Sunday, August 3, 2008

Disable 8.3 short-name generation

One of the things that is still a remainder of the past is the 8.3 short-name. You know it can be a pain to access somethings in program files. Well you can have solve this by editing the registry.

Go to HKEY_LOCAL_MACHINE\SYSTEM\CurrentControlSet\Control\FileSystem
add the dword value NtfsDisable8dot3NameCreation and set the value to 1.

Disable updating last access update

If for some reason you don't need the NTFS file system to keep track of when a file was last accessed you can disable this with a registry key.

HKEY_LOCAL_MACHINE\SYSTEM\CurrentControlSet\Control\FileSystem

Add dword value NtfsDisableLastAccessUpdate and set the value to 1. This works when you have rebooted your system.

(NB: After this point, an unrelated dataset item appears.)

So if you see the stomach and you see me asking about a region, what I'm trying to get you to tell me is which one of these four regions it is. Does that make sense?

From a security standpoint it might be a bad idea to do this since it will make it impossible to tell you if someone did or did not access a file.

Where is that procedure?

Last week after the power outage at the medical facility where I was doing a project I noticed that one phrase came back often "Where is that procedure?".

Apparently there were 2 problems, all procedures were word documents saved on a file server but the network was down and after the network was back it seemed quite a struggle to find the correct procedure.

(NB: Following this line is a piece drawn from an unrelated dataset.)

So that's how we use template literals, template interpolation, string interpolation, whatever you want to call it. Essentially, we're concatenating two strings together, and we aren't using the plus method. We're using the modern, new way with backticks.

In a previous job I organized a 24/7 IT-standby team to give support. I started out just like this customer but realized quite fast that managing a document library wasn't going to do the trick. I tried to identify what I wanted and what the problems were with the document library.

I wanted a system that was easy to maintain and where everybody of the IT team (15 people) could add the necessary info since gathering the information was dull and usually was the information nearly outdated when a document was "ready". One of the conserns was of course that the system should be accessible only to the IT department and that even when the network and servers in the server room failed the data was accessible.

The solution was simple, I took 1 ordinary desktop and putted a wamp server on it with a mediawiki. The wiki access was restricted and if the system went down, you just had to go and sit at that particular computer.

It was not the best system and it would probably have been better to use a wiki on a stick of a xampp since these can be used on a USB dongle but I wasn't aware of those solutions at the time.

The point is, that people should give thought to the documentation and not just ask documentation for the sake of have a document. Another thing is test that documentation because you can have a procedure and a company who does it for you but in the end you are responsable for your systems.

Business and procedures

Last week I was working in a public medical facilty and there was a power outage at 11:20 AM. This gave some interesting insights. There was no recovery plan so it was stressy for the IT departement of the hospital.

Some backup power system powered the computers but the network was down. The server room should have had 2 backup systems (the emergency room's and the hospital's) according to one of their IT guys but once the network was back I saw that all VM's were restarting and the ESX cluster had been down during the outage because the network connections were down.

They were lucky and lost no data but it is frightening that something like causes panic since it is quite obvious that these things will happen even in 2008 in Belgium.

I have written some technical procedures, like backup and restore, for their SQL Server but when it all comes down to it the basic needs are not fullfiled and I know by experience that this is the case in many companies.

May be some questions should be asked like What are business critical systems?" and do the proper risk management for each asset in the organisation.

Historic data

One of the things I notice over and over again is that many applications clutter databases with historic data. It is actually no that hard for a programmer to make a maintenance plan as a part of his application.

Lets consider a real life situation. Most organizations have accountants and they generate quite some data year after year. Today were in 2008 and honestly, I still haven't figured out why the data of 2005 should be on the system. It is valuable to the organization and law demands to keep it but why keep it on a production system?